* Information shown *
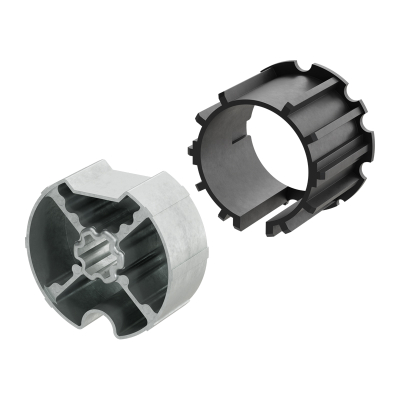 Technische Zeichnung von Adapter und Mitnehmer für Nutwelle DW 78 mit 1,5 mm.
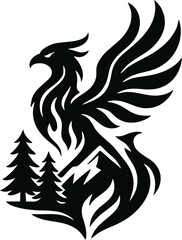 Tribal Phoenix Tattoo Design with Nature Elements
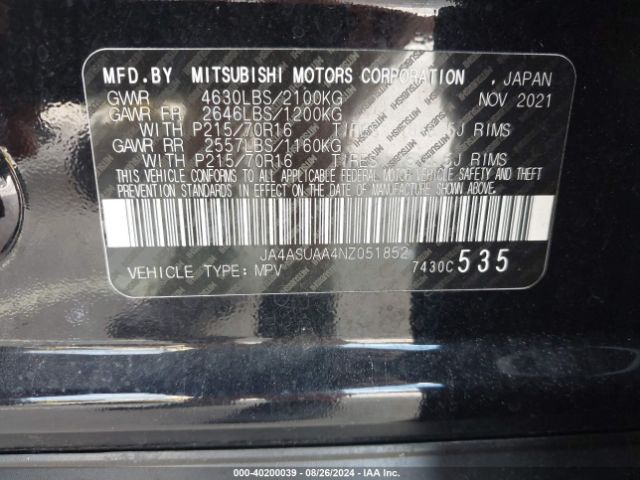 JA4ASUAA4NZ051852 Mitsubishi Eclipse Cross Es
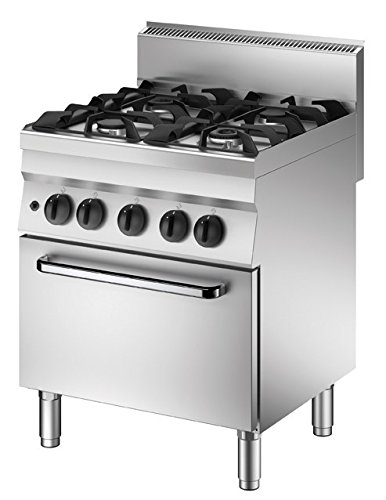 Preisvergleich Produktbild Gasherd mit 4 Kochstellen + Heißluftbackofen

* Your assignment *
From the line that holds "JA4ASUAA4NZ051852 Mitsubishi Eclipse" down to the last line of the material above, every line is to be copied exactly, both ends included; pictures are to be omitted.

* Task answer *
 JA4ASUAA4NZ051852 Mitsubishi Eclipse Cross Es
 Preisvergleich Produktbild Gasherd mit 4 Kochstellen + Heißluftbackofen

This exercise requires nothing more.